つまらなく、平凡な結論だけど、インプットもアウトプットも必要で、出口社長の方法もちきりんさんの方法も場面によって使い分けるべき、ということに尽きてしまうと思う。

目標が明確な時には、ちきりんさんの方法が有効で、自分もそうしている。仕事で日常的に遭遇する課題の多くはそのたぐいで、「仕事」では、それらをいかに効率的に解決していくかが重要である。そのためには、仮説を立て、その仮説を検証するための情報(インプット)を効率的に収集し、解決策を立案して、実行する。そのプロセスでは、いわゆる「マッキンゼー流」のロジカル・シンキングは便利なツールだし、実際にロジックツリーをよく作っている。

「ちきりんの日記」のなかで、アウトプットという言葉を、「成果」と「情報発信」という意味をあえて混ぜて使っていると思うけれど、「情報発信」という意味でのアウトプットは思考を深める上で不可欠だと思う。

他人に説明することでフィードバックを受けるということももちろん重要だし、自分の考えを他人に説明するというプロセス自体で、自分の考えを整理して、客観的に見ることができる。先日、社内の研修で講師をしたけれど、結局、いちばん勉強になったのは受講者ではなく、講師である私自身だったと思う。受動的に研修を受けるというインプットのプロセスより、研修の準備をし、講師をするというアウトプットのプロセスの方がはるかに深く思考をする。

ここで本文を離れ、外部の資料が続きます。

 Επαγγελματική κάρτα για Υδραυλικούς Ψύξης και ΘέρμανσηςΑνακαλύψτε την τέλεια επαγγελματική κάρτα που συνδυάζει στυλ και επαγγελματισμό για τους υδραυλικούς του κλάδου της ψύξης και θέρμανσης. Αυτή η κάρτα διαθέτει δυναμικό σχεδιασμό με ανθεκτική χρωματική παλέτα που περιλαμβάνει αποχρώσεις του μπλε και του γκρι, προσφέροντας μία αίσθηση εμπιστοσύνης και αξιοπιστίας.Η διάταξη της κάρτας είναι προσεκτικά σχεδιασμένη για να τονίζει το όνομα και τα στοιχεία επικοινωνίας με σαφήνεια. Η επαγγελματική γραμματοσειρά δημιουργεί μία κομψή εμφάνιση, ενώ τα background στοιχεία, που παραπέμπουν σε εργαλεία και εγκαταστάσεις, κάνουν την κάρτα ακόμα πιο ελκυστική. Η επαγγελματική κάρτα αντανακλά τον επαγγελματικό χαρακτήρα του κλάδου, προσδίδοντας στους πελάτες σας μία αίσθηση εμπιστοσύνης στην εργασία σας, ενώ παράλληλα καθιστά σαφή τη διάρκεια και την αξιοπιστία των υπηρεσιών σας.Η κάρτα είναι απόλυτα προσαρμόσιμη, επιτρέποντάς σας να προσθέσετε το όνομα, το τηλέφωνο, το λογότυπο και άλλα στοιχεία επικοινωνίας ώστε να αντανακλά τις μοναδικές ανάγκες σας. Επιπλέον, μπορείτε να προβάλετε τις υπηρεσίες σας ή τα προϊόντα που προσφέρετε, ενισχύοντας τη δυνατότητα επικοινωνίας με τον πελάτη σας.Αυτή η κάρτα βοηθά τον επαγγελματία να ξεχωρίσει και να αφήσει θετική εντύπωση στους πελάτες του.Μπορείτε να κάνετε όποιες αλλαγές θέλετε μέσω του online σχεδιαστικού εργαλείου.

一方、そもそも何を目標として良いかすらわからないとき、また、課題解決やこれまでの延長線上にないまったく新しいことを始めようとするときには、出口社長のいうような、アウトプットから逆算して効率よく収集されたインプットではなく、厚みのあるインプット、ある種の「教養」が重要になるのだと思う。

出口社長も、日常の業務では仮説とその検証というプロセスを繰り返していて、そこでは効率の良いインプットの収集をしているのだと思う。優れたビジネスマンであれば必ずそうしているはずだ。しかし、長期的に大きな仕事をするには、その繰り返しだけでは不十分だということを指摘しているのだと思う。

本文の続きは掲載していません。